Exercise goal: Starting at the line that contains "SeAbropérer-Éponge de bain", repeat each line of the listing below through the last one, exactly, and leave out every picture.

Recorded data:
..........
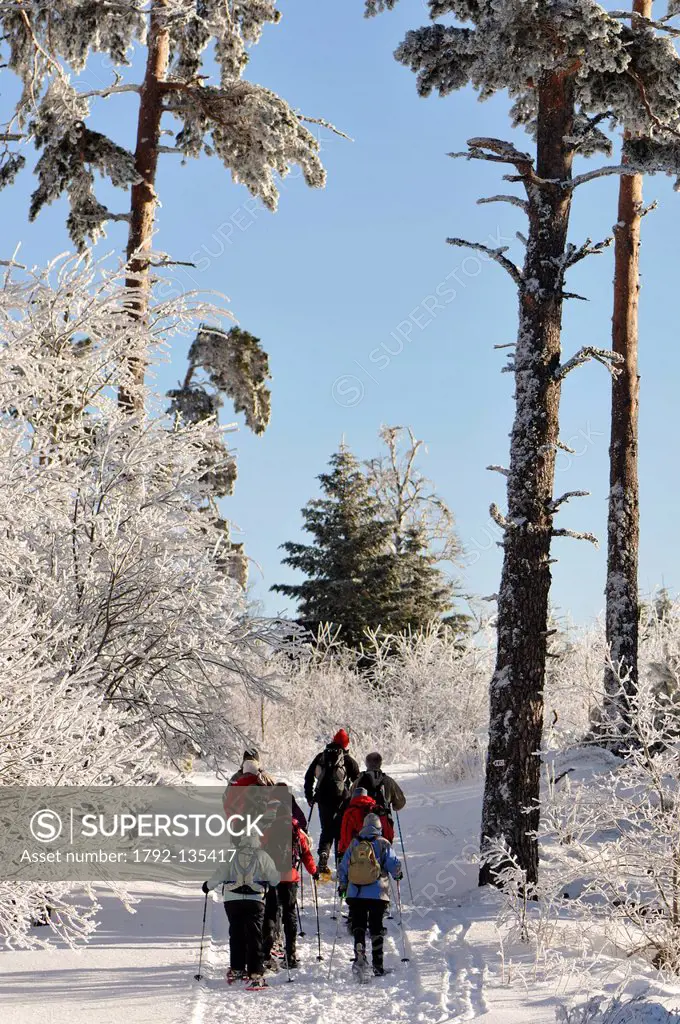 France, Haut Rhin, Hautes Vosges, The Lac Blanc, Col du Calvaire, walkers in snowshoes, forest, snow, winter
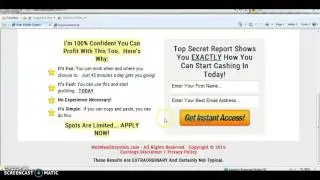 Web Wealth System Review - How To Make Money Online - Vincent Lee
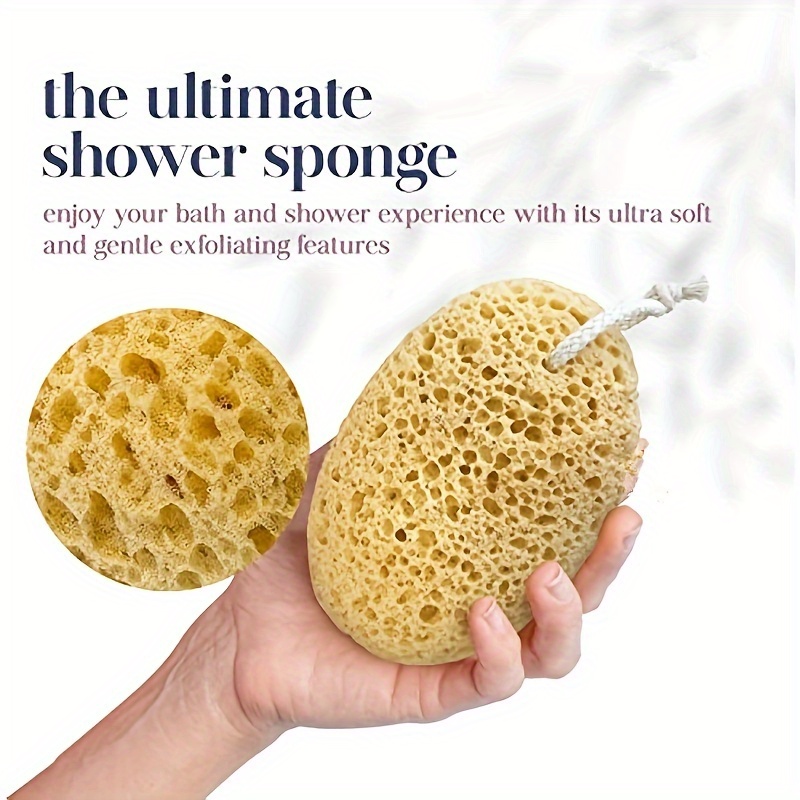 SeAbropérer-Éponge de bain en  - Seaweed Snack avis et prix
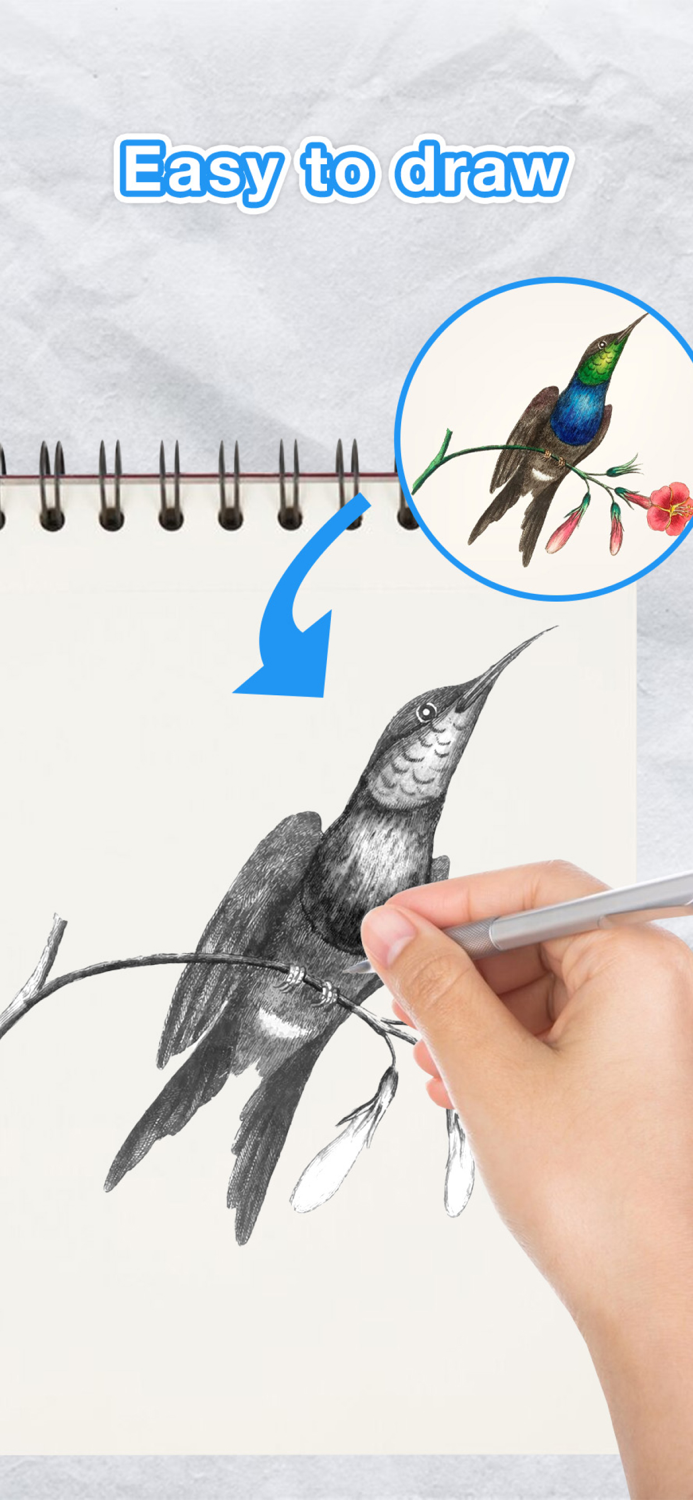 AR Sketch - Easy Drawing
..........
Answer space:
 SeAbropérer-Éponge de bain en  - Seaweed Snack avis et prix
 AR Sketch - Easy Drawing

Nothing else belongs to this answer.